My fellow developers and analysts and I have identified a number of advantages and disadvantages of using gRPC. If you know any more, please add them in the comments.
Advantages:
- Back-to-back communication. Fast and stable.
- Proto makes life much easier for developers of the service for which the contract is written. If the answer changes, the service will know about it immediately, not when they update the documentation (if they do). Swagger is always lazy for everyone to write.
- Fast, base64 weighs less compared to JSON. Suitable for microservice architecture.
- Secure.
- Contract is human-readable.
- Typization.
Disadvantages:
- Doesn’t work fully with the front end, so it may not work properly if not configured correctly. And gRPC-web is absolutely necessary.
- Front-end codgen does not know where a field is mandatory and where it is not. All non-basic types are generated as optional.
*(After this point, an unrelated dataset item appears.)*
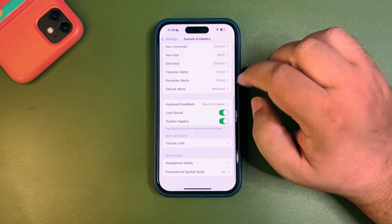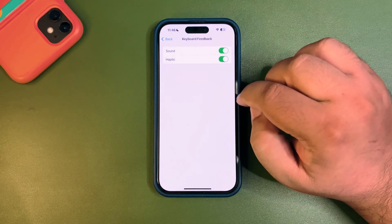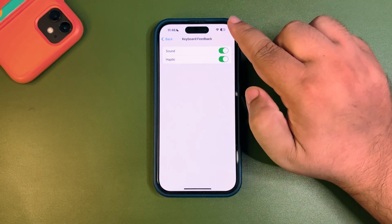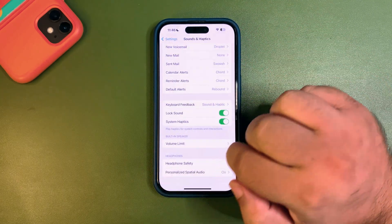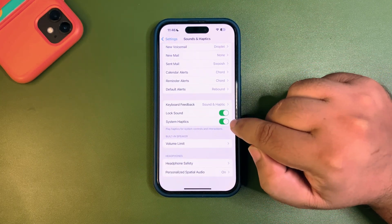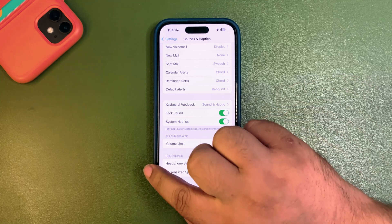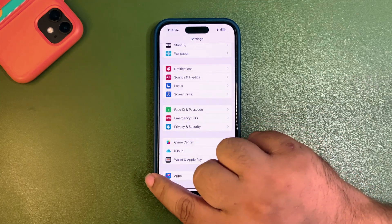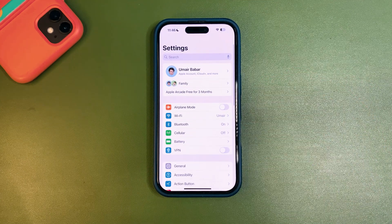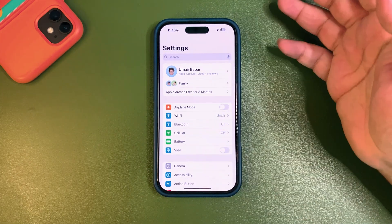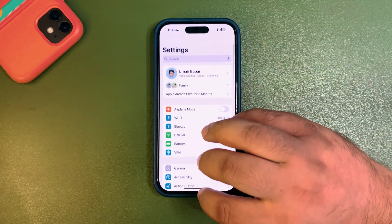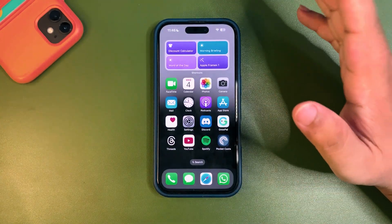Go into Sound and Haptics, scroll all the way down to Keyboard, and turn off Keyboard Haptic Feedback. Then go back and turn off System Haptics as well. These small changes help improve battery life on iOS 18.5.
- It follows from the first and second point that it is not particularly good on the web. But it is used.
- Codgen does not let you change the field type — only delete and add a new one with a new number (typing peculiarities that people forget about).
Instead of concluding
The choice of technology for a project is a complex issue and should be decided jointly by architects and developers. A systems analyst is more of a theorist than a practical technical specialist, but should have a good understanding of technologies and a consultative voice. We don’t usually write code, we don’t know the intricacies of using this or that technology, and the final implementation doesn’t rest on our shoulders. But we can share our experiences from other projects. And if today’s introduction to gRPC has inspired you to explore it further and present it to your team, that’s great.
For the most curious: what is g in gRPC? In each version of gRPC the value of g changes — in the current version 1.61 at the time of writing it means grand. You can see the values in previous versions on GitHub.